EXTRACTED INFORMATION:
********
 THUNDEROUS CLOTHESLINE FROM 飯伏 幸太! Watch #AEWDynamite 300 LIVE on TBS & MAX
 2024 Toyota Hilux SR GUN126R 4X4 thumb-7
********
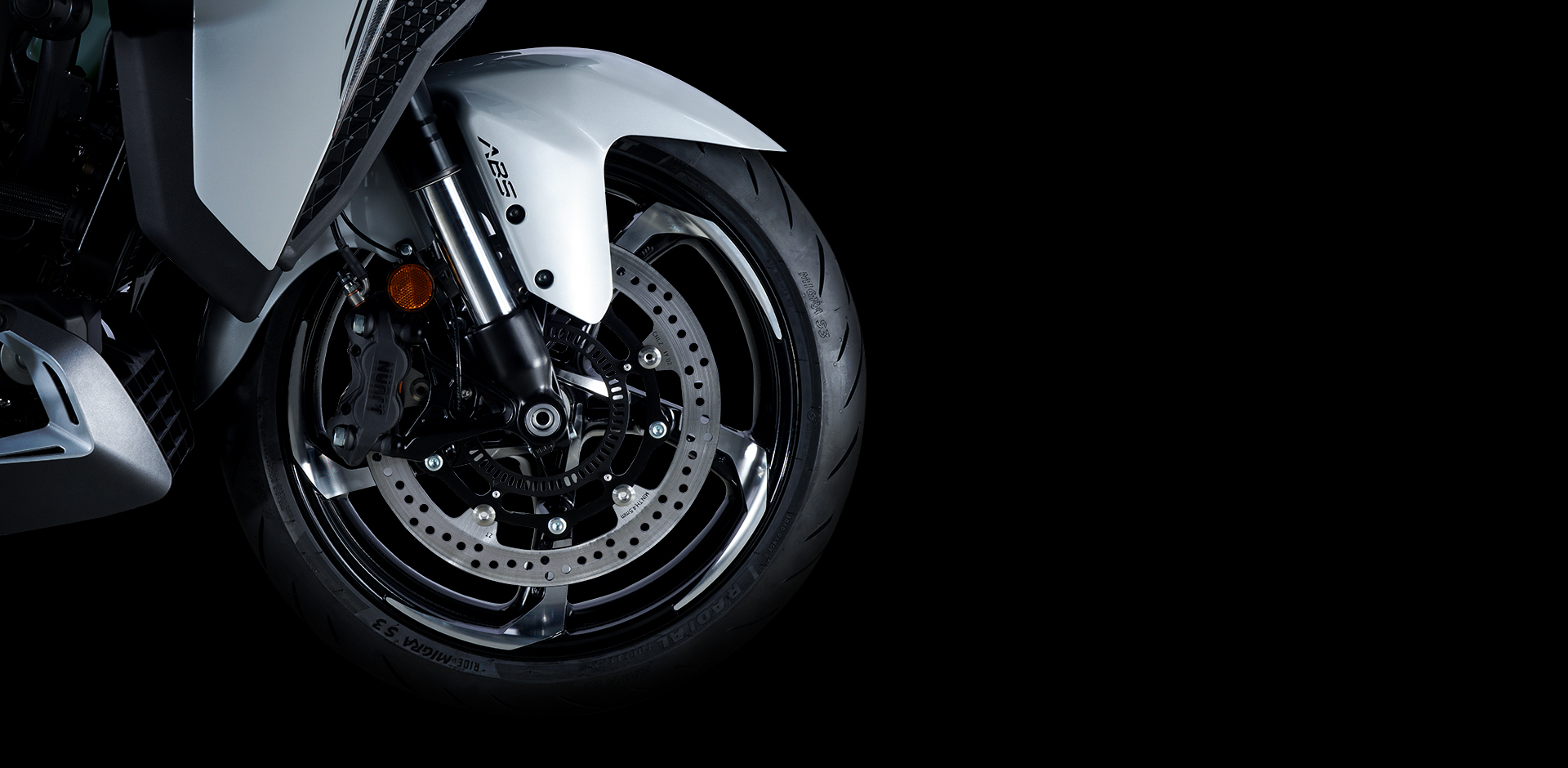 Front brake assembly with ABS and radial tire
********
AIM OF THE TASK:
Taking the lines above, repeat exactly those from the line that contains "THUNDEROUS CLOTHESLINE FROM" through the line that contains "2024 Toyota Hilux SR GUN126R 4X4 thumb-7", and both of those lines as well. Include nothing else.

REPLY:
 THUNDEROUS CLOTHESLINE FROM 飯伏 幸太! Watch #AEWDynamite 300 LIVE on TBS & MAX
 2024 Toyota Hilux SR GUN126R 4X4 thumb-7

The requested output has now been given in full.